Réforme de l’orthographe : démocratisation de la langue ou aggravation des inégalités sociales ?

Orthographe : ne prenons pas la conséquence pour la cause

Par Jean-Paul Brighelli

Le Figaro du 5 septembre publie sur l’orthographe -sujet d’actualité s’il en fut, surtout depuis que François de Closets a avoué ne rien y comprendre- un article de votre serviteur.

Chacun a son idée sur la question, depuis les puristes du trait d-union jusqu’aux laxistes du langage SMS. Alors, déchirez-vous : un blog hanté d’« Orthoprofs » ne pouvait rester à l’écart d’une polémique aussi violente…

Pour parler sans ambiguïté (1), le débat sur l’orthographe est le serpent de mer des cinq derniers siècles. L’invention de l’imprimerie a généré le désir d’unifier les graphies, et de les différencier pour éviter tout contresens exorbitant. D’Etienne Dolet à Peletier du Mans en passant par Meigret ou Estienne, les grammairiens du XVIe siècle n’ont eu de cesse de proposer des réformes souvent inspirées de l’italien, afin d’aligner la graphie sur la prononciation. Les codificateurs du XVIIe siècle, Vaugelas ou Furetière, eurent à cœur de rendre la langue française aussi digne que celles qui l’avaient précédée -le latin, principalement. Et l’Académie s’efforce alors de polir la langue afin de donner à la monarchie absolue le véhicule culturel qu’elle exigeait : le code est aussi un corset culturel et politique, et le « bon usage » est la façon de parler de « la plus saine partie de la Cour », conformément à la façon d’écrire de « la plus saine partie des auteurs du temps ».

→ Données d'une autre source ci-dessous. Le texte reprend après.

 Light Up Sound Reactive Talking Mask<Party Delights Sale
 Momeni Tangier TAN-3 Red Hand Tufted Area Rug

Toute réforme de l’orthographe doit être entendue sur ce plan-là. Si Voltaire préconise la graphie en –ai des imparfaits, c’est qu’il appartient aux « gens de goût » -l’expression est déjà moins inféodée à une caste sociale- contre les tenants d’usages barbares antérieurs (Rousseau, par exemple : les polémiques orthographiques reflètent les inimitiés personnelles). Les aristocrates au pouvoir écrivent comme ils l’entendent ? Mais la bourgeoisie triomphante, au début du XIXe siècle, entend gagner aussi au niveau orthographique : l’invention de la dictée est une manœuvre démocratique, et l’égalisation des graphies, quoique moins sanglante, vaut bien la machine à raccourcir de Guillotin. La centralisation napoléonienne s’accompagne nécessairement d’une unification linguistique.

L’expansion très rapide de la presse, dans la première moitié du XIXe siècle, contribue encore à généraliser des règles qui n’étaient pas connues de tous, et porte sur la place publique les débats académiques. Ce sont des journaux qui, au tout début du XXe siècle, combattent victorieusement le projet gouvernemental de simplification de l’accord des participes.

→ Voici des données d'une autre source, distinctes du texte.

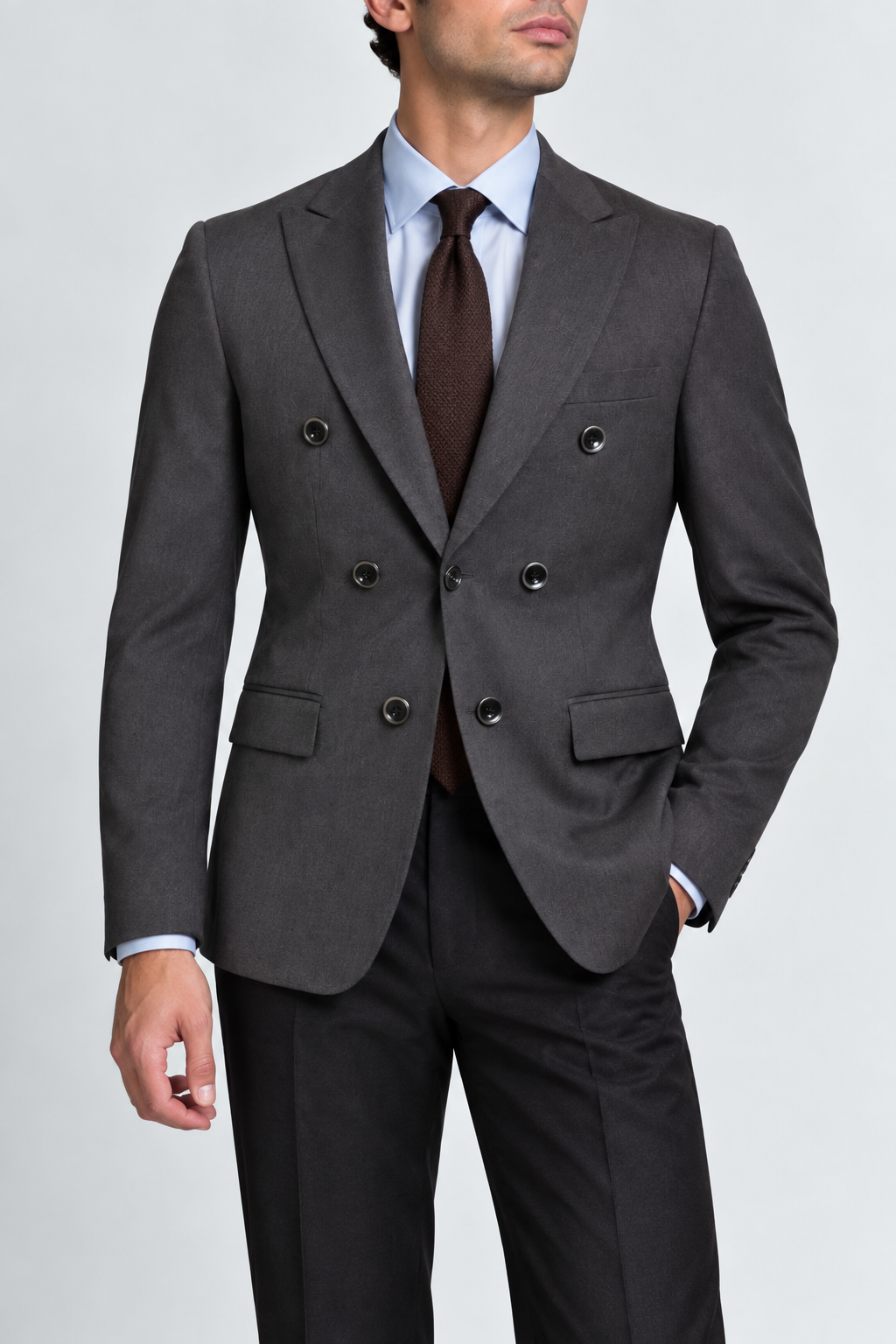 Giacca Doppiopetto Tailored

POUR ETRE COMPRIS, FRANÇOIS DE CLOSET ECRIT SANS FAUTE

L’orthographe fut et demeure un mode de clivage socio-professionnel, et tant que nous ne changeons pas de système ou de civilisation, il y a fort à parier que les modifications resteront anecdotiques -en retard même sur l’usage, qui disait « évènement » quand on écrivait encore « événement ». Rien d’étonnant à ce que des linguistes issus de Mai 68 (André Chervel, par exemple) fassent de « l’ortografe » un principe « bourgeois »…

Quoi qu’il en soit, les bélîtres du pédagogisme qui ont à peu près mis à genoux l’enseignement français n’avaient pas d’autre souci, et la méthode idéo-visuelle d’apprentissage de la lecture, largement responsable des dysorthographies actuelles, est pré-supposée -et c’est bien à tort- plus « égalitaire » que le b-a-ba bourgeois, alors qu’elle rajoute des inégalités aux injustices.